Mind The Leadership Gap
I have spent the better part of fifteen years coaching senior leaders across various industries and cultures, and this truth keeps surfacing.
Far too many women underestimate the value of investing in their own leadership development.
Not because they lack ambition or capability but because they’ve been conditioned to wait for permission, budget approval, or “the right time” to take their next leap.
Meanwhile, many of the men they sit beside in boardrooms are not waiting. They’re not asking, nor are they hesitating. They’re levelling up constantly, widening the gap through coaching, networks, masterminds, executive programmes, and every professional advantage they can buy.
Let me caveat this by saying there is nuance to this imbalance. Some cultural and much very often shaped by the workplace you are in, but continue to walk with me, as I will get to that.
I believe strongly, women shouldn’t have to work twice as hard to be heard, seen, or promoted, but the reality is many still do, whether I believe strongly or not. In environments where bias, scrutiny, and expectation are already stacked against them, under-investing becomes a silent tax on their progression.
Here’s what I’ve observed over and over again
Women over-index on delivery and under-index on strategic visibility. Often occupied with keeping the machine running, they rarely give themselves or have others give them the space to step back and design their leadership trajectory with intention.
Too often, women are promoted on proof, while men are promoted on potential. So waiting to be “ready” delays their advancement, while others move ahead untested.
Too many women shoulder the emotional labour of teams, families, and life. That labour is admirable, but it often means the budget for development of time, money, and energy gets cut from their own lives first.

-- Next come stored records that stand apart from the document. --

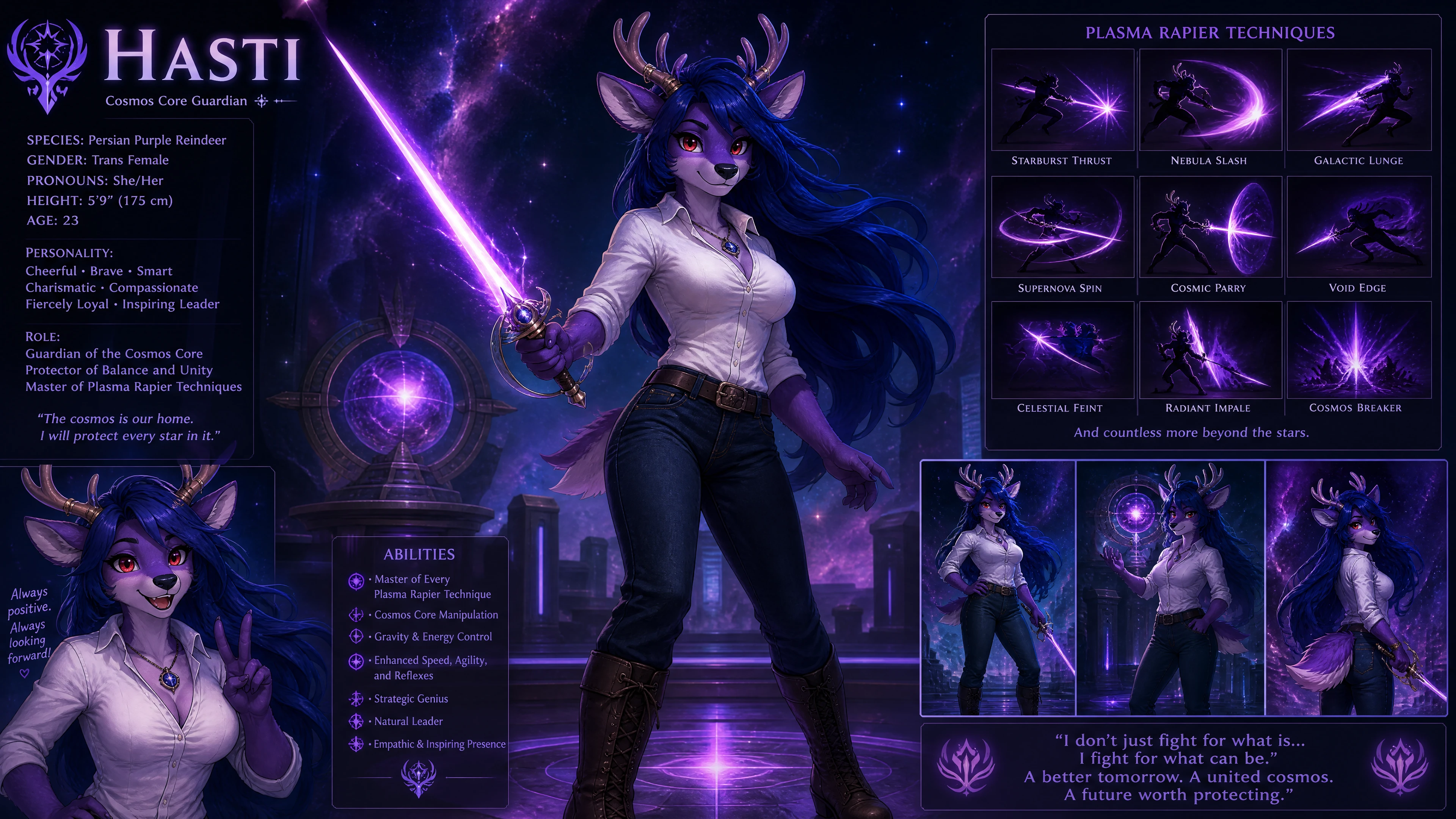 Anthro purple reindeer woman with plasma rapier in cosmos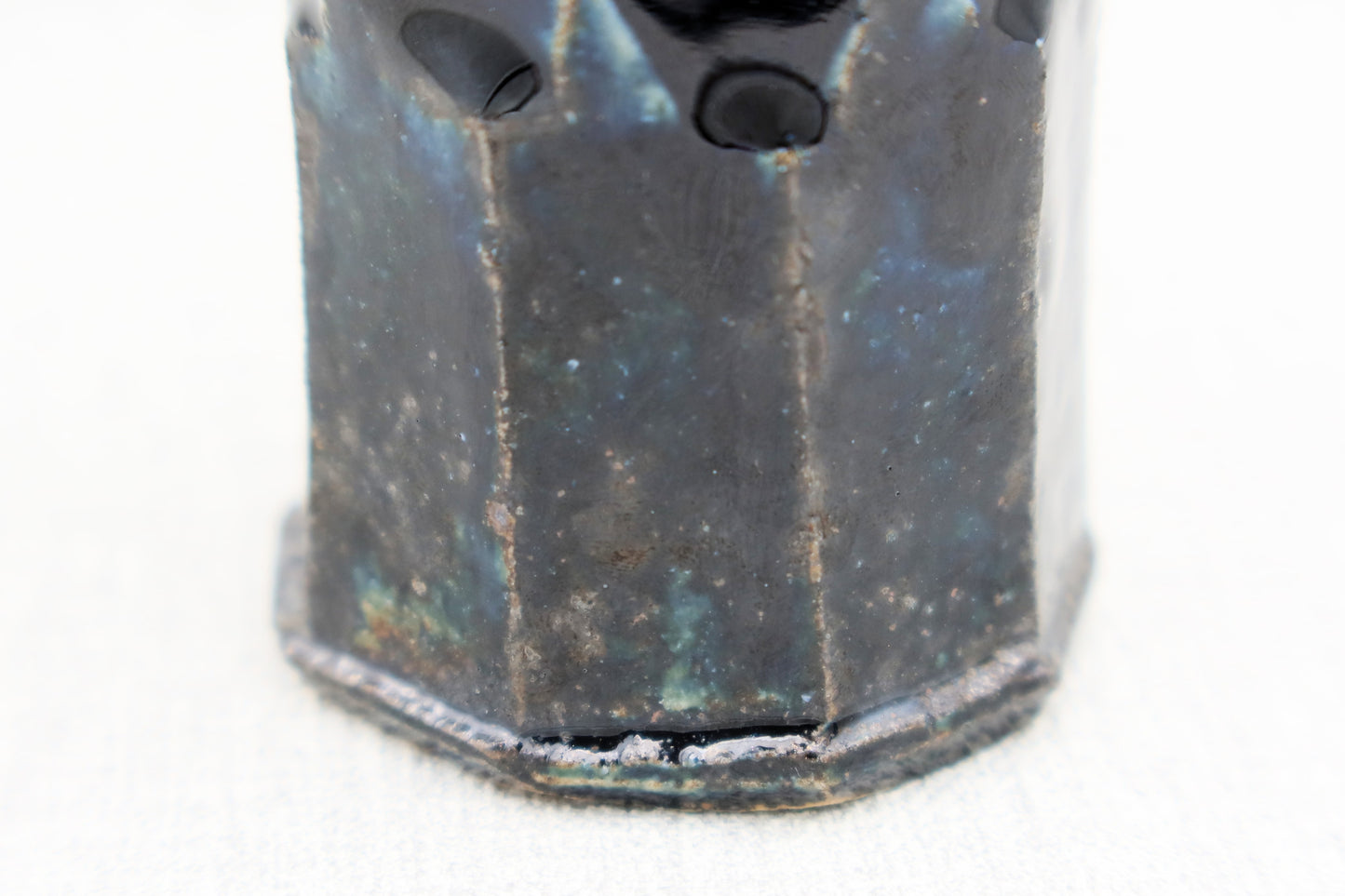 Mashiko Pottery Vase, Lapis Lazuli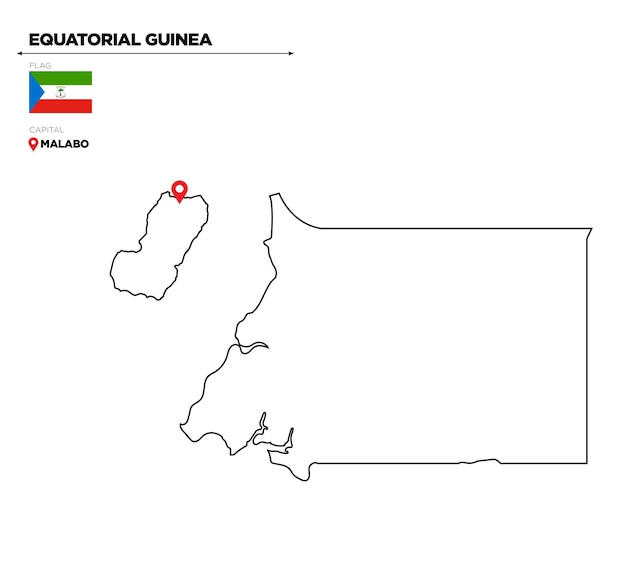 Mapa de Guinea Ecuatorial con la ciudad capital Malabo bandera nacional y fronteras país africano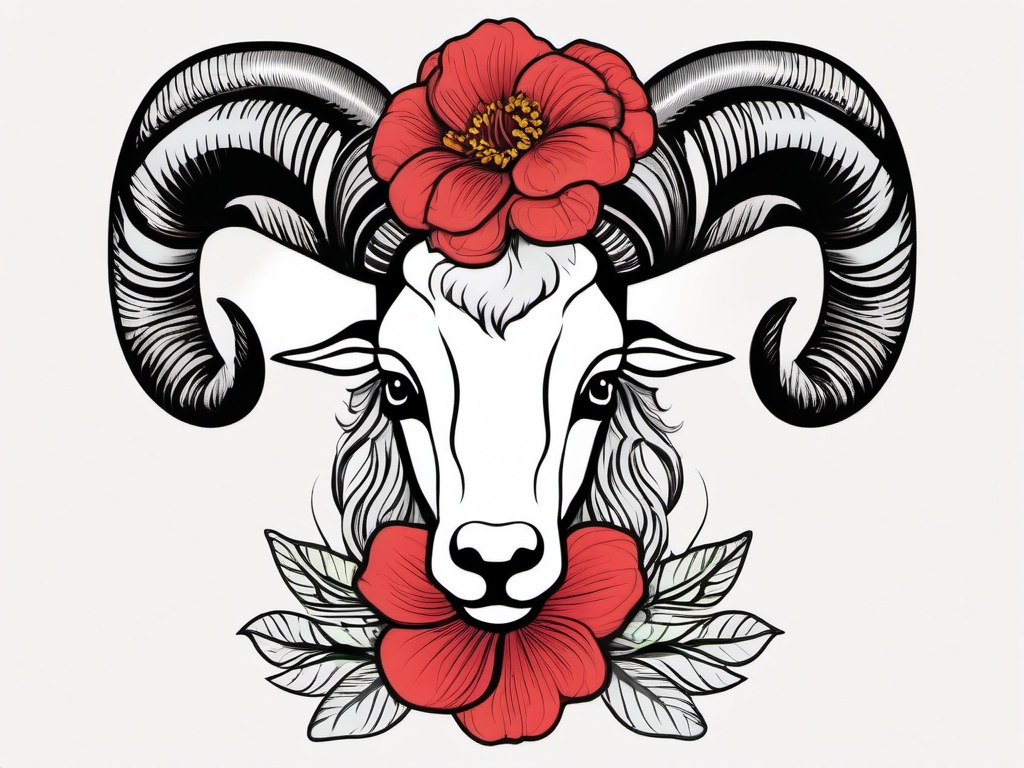 aries birth flower tattoo  simple vector color tattoo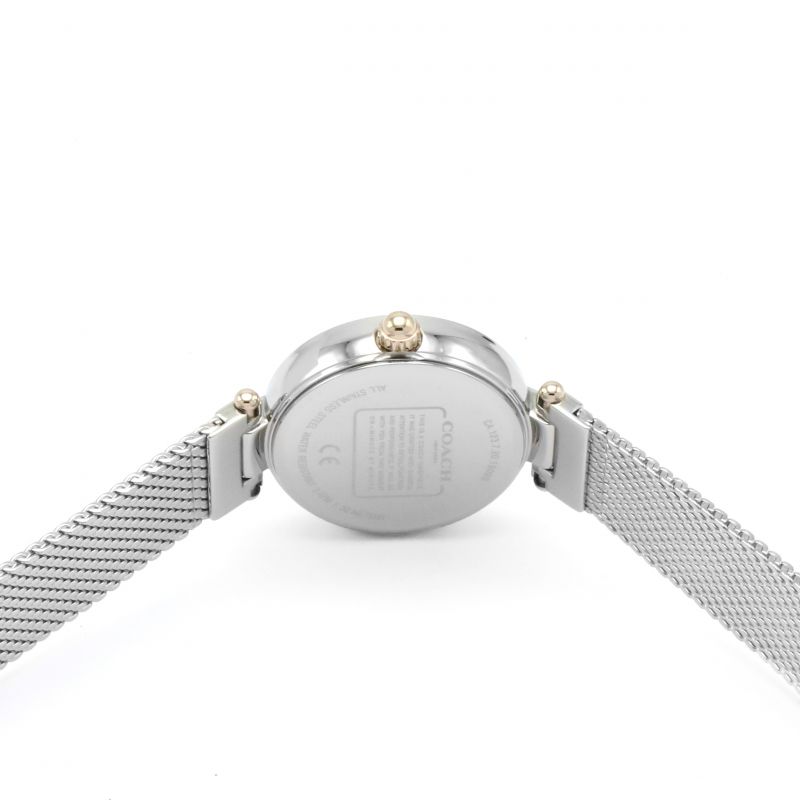 Coach Park watch case back view showing engraved case with silver mesh straps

Ambition in men is celebrated while ambition in women is often policed. People who feel judged or are expected to fall into the stereotypes held by others. That tension leads too many to dim their light, shrink their aspirations, or keep their heads down.
The result?
Talented, formidable women get stuck on the treadmill of competence where they are excellent, reliable, admired, but not accelerating.
Whether that’s through coaching, workshops or more recently the leadership community I have developed, it has been harder to convince women in my network to invest in themselves. Without prejudice.

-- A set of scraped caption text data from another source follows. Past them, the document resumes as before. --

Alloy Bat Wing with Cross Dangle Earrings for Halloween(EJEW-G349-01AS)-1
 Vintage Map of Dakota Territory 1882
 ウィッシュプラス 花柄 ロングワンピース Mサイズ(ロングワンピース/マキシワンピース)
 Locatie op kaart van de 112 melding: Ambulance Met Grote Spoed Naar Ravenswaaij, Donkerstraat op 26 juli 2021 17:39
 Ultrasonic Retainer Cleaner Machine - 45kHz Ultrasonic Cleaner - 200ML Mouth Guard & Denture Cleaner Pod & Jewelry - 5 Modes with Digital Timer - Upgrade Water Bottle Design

So what does investing in leadership actually mean?
Let’s be clear. It’s not about stacking up certificates, but rather it’s about building a power stack of strategic, relational, economic and narrative power.
Investment looks like:
• Executive coaching that sharpens decision-making and presence
• Communities where they aren’t the only woman in the room
• Strategic mentors and sponsors who open doors
• Programmes that teach influence, negotiation, and board-level thinking
• Owning power without imitating men
• Taking up space without apology
• And carving out time for deep reflection, not just delivery
It’s also about breaking the generational habit that not all, but way to many do, of putting others first.
When women invest in their leadership, it gives opportunities for industries to shift, organisations to improve, and teams to thrive. The ripple effect can be massive.
So, back to my caveat. Let me be clear, the onus is not only on women.
Mid to large organisations have been guilty for years of thinking representation and gender diversity is a hiring problem, not a development problem.
If organisations in the private or public sector want more women in senior roles, they need to:
fund their development
build intentional pipelines
redesign stretch assignments
stop penalising women for ambition
allow them to be co-creators in their development plans
and create environments where leadership is not synonymous with burnout
Leadership development shouldn’t be a rescue plan. It should be the default.
To the men, in power or not, who know of women who are holding back on investing in themselves. Create dialogue. Give them a nudge.
To the women who are reading this, please invest in your leadership like your career depends on it, because in many ways, it does. Don’t wait to be tapped. Don’t wait to be validated. Don’t wait for someone else to sign off on your growth.
Men who aren’t even half as talented as you aren’t waiting.
So neither should you.
And if when you do make that investment, you don’t just elevate your career, you elevate the culture around you, and you give permission for a generation around you and coming up behind you to invest in themselves too.